* Task to carry out:
Once the line containing "Burberry Blanket #1424492" is found in the material below, it and every line after it should be transcribed exactly, with pictures left out and nothing added.

* Information shown:
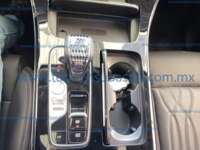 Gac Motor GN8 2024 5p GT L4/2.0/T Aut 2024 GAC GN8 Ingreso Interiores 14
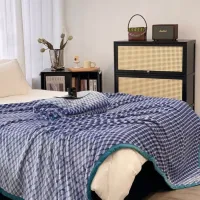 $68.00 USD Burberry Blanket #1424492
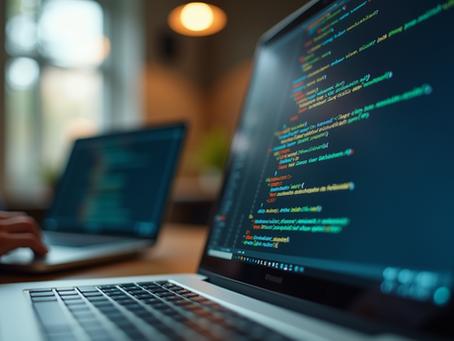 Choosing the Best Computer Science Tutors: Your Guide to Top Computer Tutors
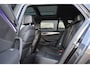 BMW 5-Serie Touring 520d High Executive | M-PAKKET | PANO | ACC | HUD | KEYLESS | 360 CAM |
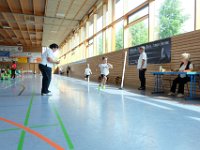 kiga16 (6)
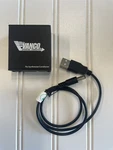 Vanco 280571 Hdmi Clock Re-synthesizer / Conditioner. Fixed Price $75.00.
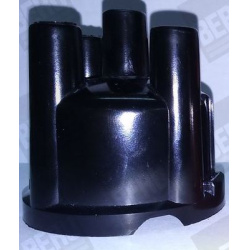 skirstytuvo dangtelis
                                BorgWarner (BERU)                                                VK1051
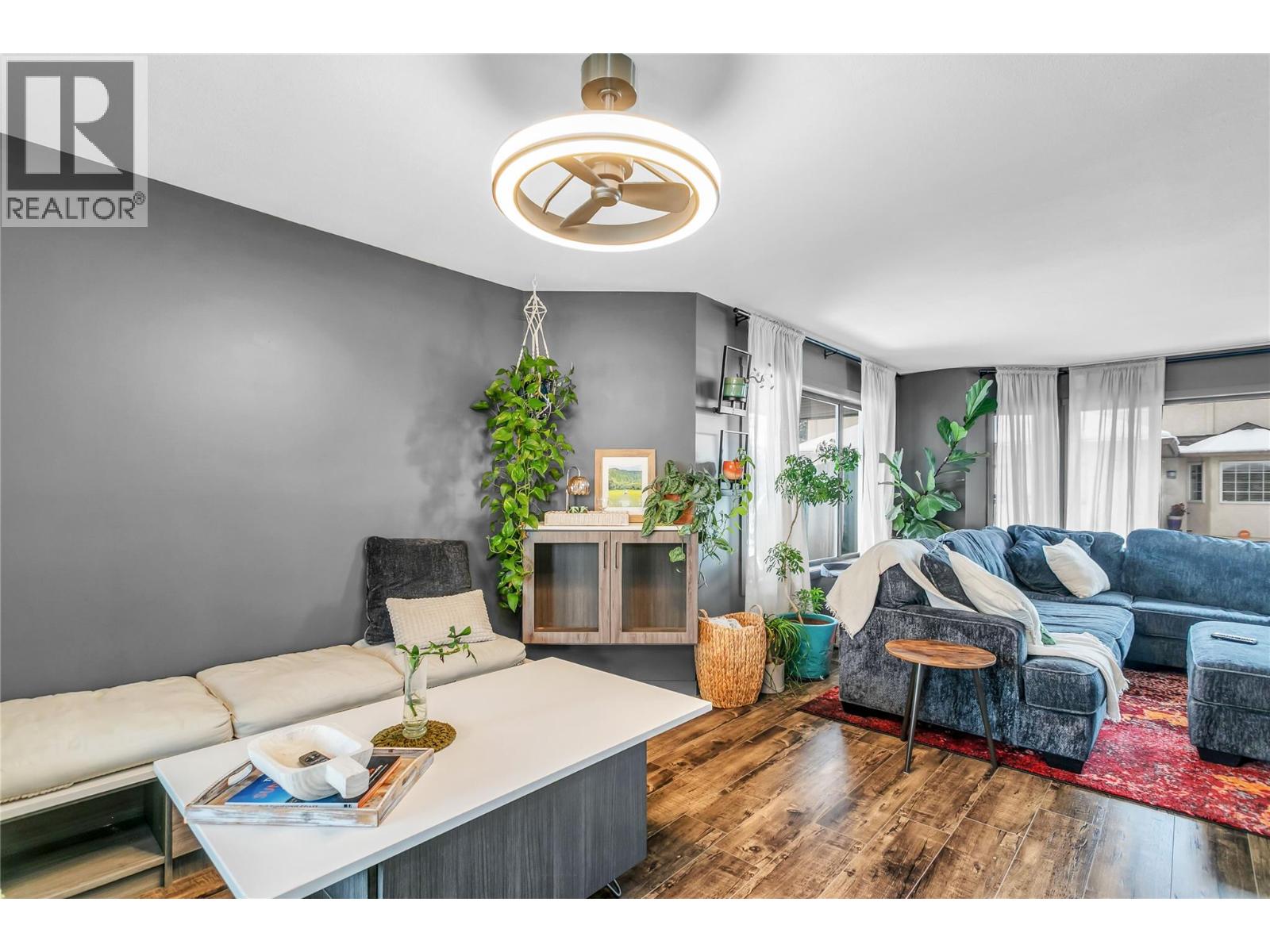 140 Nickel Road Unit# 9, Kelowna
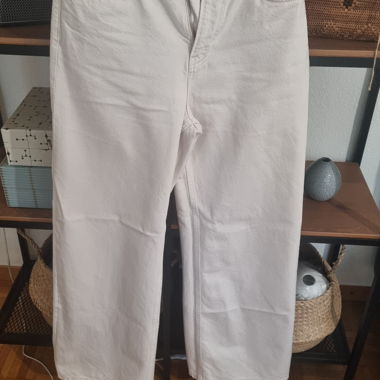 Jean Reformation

* Task response:
 $68.00 USD Burberry Blanket #1424492
 Choosing the Best Computer Science Tutors: Your Guide to Top Computer Tutors
 BMW 5-Serie Touring 520d High Executive | M-PAKKET | PANO | ACC | HUD | KEYLESS | 360 CAM |
 kiga16 (6)
 Vanco 280571 Hdmi Clock Re-synthesizer / Conditioner. Fixed Price $75.00.
 skirstytuvo dangtelis
                                BorgWarner (BERU)                                                VK1051
 140 Nickel Road Unit# 9, Kelowna
 Jean Reformation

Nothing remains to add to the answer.